Los que ya peinamos canas, igual que los jóvenes, pensamos en el futuro. Pero, naturalmente, lo hacemos con otras expectativas. ¿Seguiremos trabajando hasta el día en que muramos o una vez jubilados, nos dedicaremos a descansar? Lo mejor –dicen los que saben– es un “retiro activo”. ¿Y quién mejor que Casiodoro para darnos un magnífico ejemplo de “otium” productivo?
Casiodoro nació en el año 487 d. C. en una rica familia aristocrática de origen sirio, asentada en Calabria. Recibió una sólida formación en artes liberales y sobre todo en gramática latina. Al inicio de su “cursus honorum” fue consejero de su padre, cuando este trabajaba para el rey Odoacro. Luego ocupó distintos cargos hasta que durante el reinado de Teodorico, asumió como Preafectus praetorio, cargo de máxima confianza desde el que administró justicia redactando leyes, decretos y disposiciones oficiales en nombre del monarca.
Cuando el emperador Justiniano invadió Roma en 536, Casiodoro abandonó la vida pública y emigró a Rávena. Cuando esta fue tomada por Belisario, emigró a Constantinopla. A partir de la redacción de su tratado De Ánima en 538, Casiodoro se tomó mucho más en serio su fe católica.
Tras la devastación producida por la guerra, Casiodoro volvió a las tierras de su familia en Squillace, Calabria, en 554 d. C. Allí, sin llegar a abrazar la vida monástica para sí mismo, fundó el “Vivarium”, un monasterio estratégicamente ubicado en el que los monjes podían dedicarse –además de los oficios litúrgicos y las obras de caridad– al ejercicio de las artes. En particular, se ocupaban de copiar, traducir, corregir, estudiar y archivar libros sagrados, patrísticos y clásicos. Para ello contaban con una muy completa biblioteca. Algunos de los códigos y manuscritos producidos en el monasterio alcanzaron una popularidad considerable y tuvieron gran demanda, ya que parte de las copias y ediciones revisadas, se vendían con el objeto de financiar las actividades del monasterio.

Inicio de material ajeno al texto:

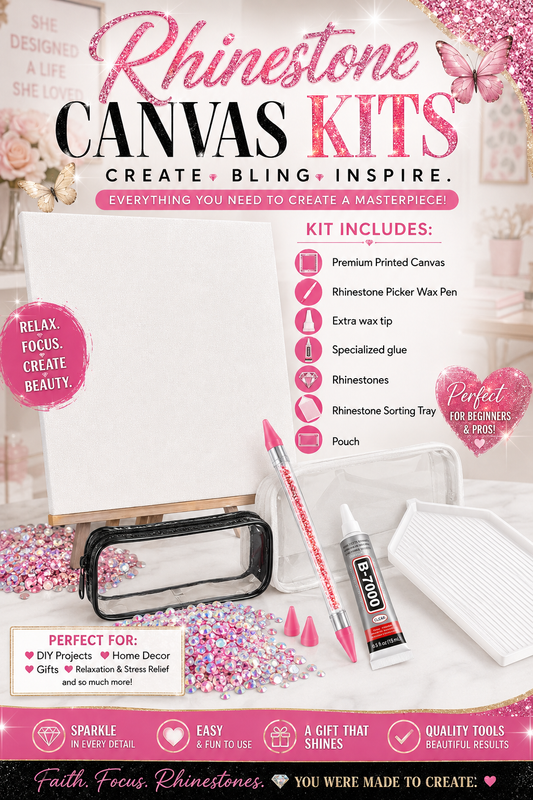 Bible Girlie- Rhinestone Canvas Kit – DIY Bling Art & Rhinestone Craft Kit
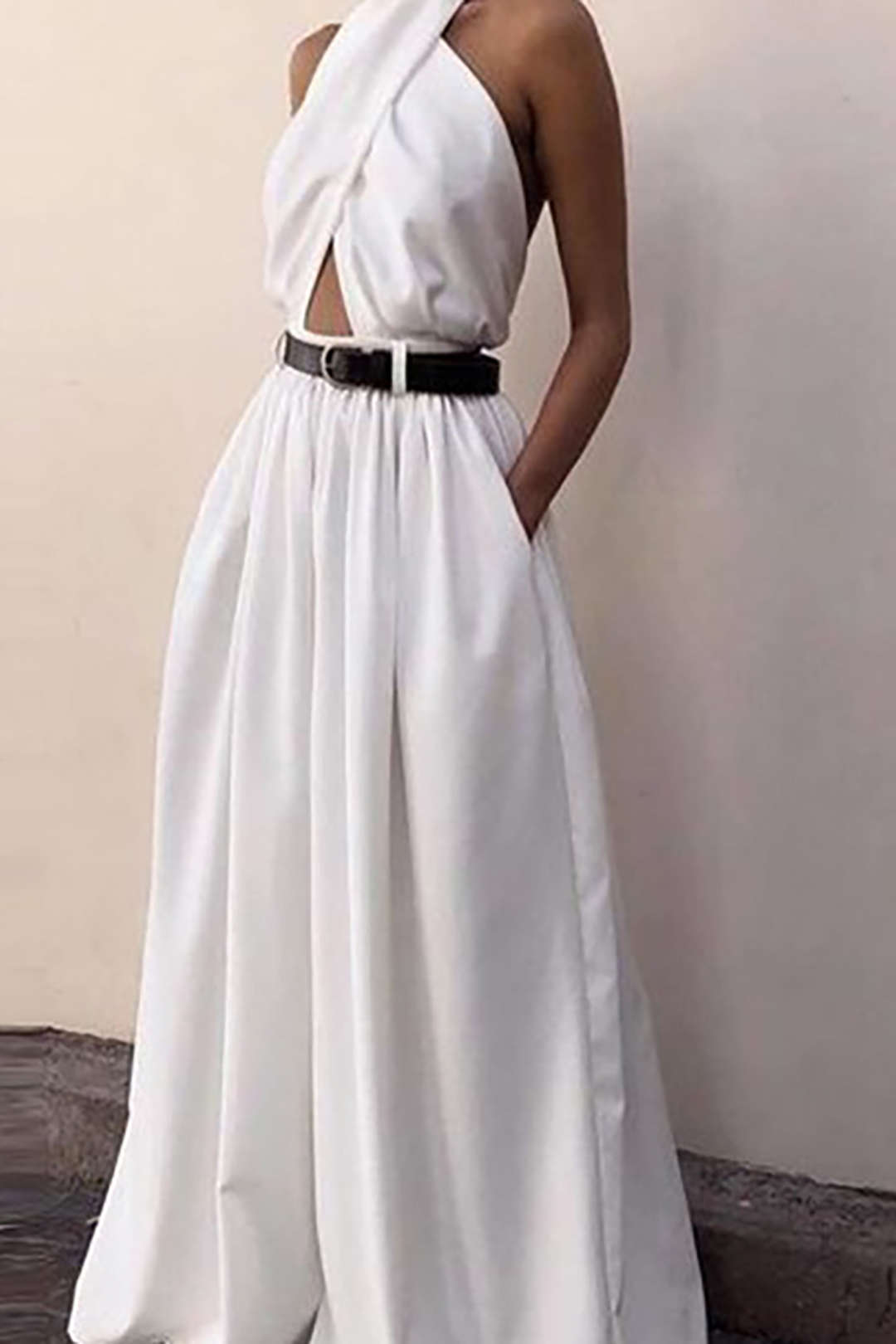 Cross Cut Out Backless Pleated Wide Leg Jumpsuit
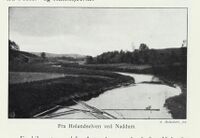 Hølandselva ved Naddum. "Høland og Setskogen herreder" av Olav Holtedahl, utg. 1914.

Casiodoro estableció además, una escuela de estudios divinos y humanos, cuyo modelo educativo supo combinar la vida activa con la contemplativa. En su “Vivarium”, Casiodoro procuró unir lo godo con lo romano, lo occidental con lo oriental, lo antiguo con la nueva cultura que surgió de las ruinas de Roma, y a los monjes de vida comunitaria con los anacoretas… Además de rescatar grandes tesoros de la sabiduría antigua latina y griega, sus escritos y su visión contribuyeron a sentar las bases del magnífico andamiaje académico de la Edad Media.
No se conoce con exactitud la fecha del fallecimiento de Casiodoro, pero se estima que murió a los 93 años, después de la redacción de su tratado De Orthographia.
Todo esto fue posible porque Casiodoro, al fundar el “Vivarium”, contaba ya con 67 años, y consagró el resto de su vida a un “otium” productivo, a una vida orientada a restaurar y preservar las obras de la cultura antigua para la posteridad.
Es cierto que no todos tenemos los mismos intereses y talentos. Pero la idea de un ocio productivo, para mantenerse activo y para dejar algo a los que vienen detrás, es tan aplicable al trabajador manual que aún puede usar sus manos para plantar boniatos, como para el trabajador intelectual que aún puede usar su cabeza para escribir cartas a los diarios. Y es mucho mejor que gastar el resto de nuestros días mirando televisión.
Además, a la luz de los múltiples cambios que se están produciendo en nuestra sociedad, entendemos que es necesario conservar la memoria viva de ese tiempo que se fue y del que fuimos protagonistas activos.
Somos nosotros, los que nos criamos sin celulares, los que tenemos el deber moral de transmitir a los que vienen detrás, las maravillas de un mundo en el que la tecnología aún estaba al servicio del hombre, y no el hombre al servicio de la tecnología. Un mundo en el que los libros eran de papel y en el que el contacto con la naturaleza estaba al alcance de todos los bolsillos; un mundo en el que aún se podía descubrir la verdad en la realidad, pues esta aún no estaba tan oscurecida por burdas ideologías.
En la vejez es posible –ocio productivo mediante– dejar un legado más allá de la propia familia, tan beneficioso para quien lo da como para quien lo recibe. Un legado que solo estará completo si incluye otro privilegio que nuestra generación recibió –y que cada vez menos niños parecen tener hoy–: la transmisión viva y fiel de la fe de nuestros ancestros.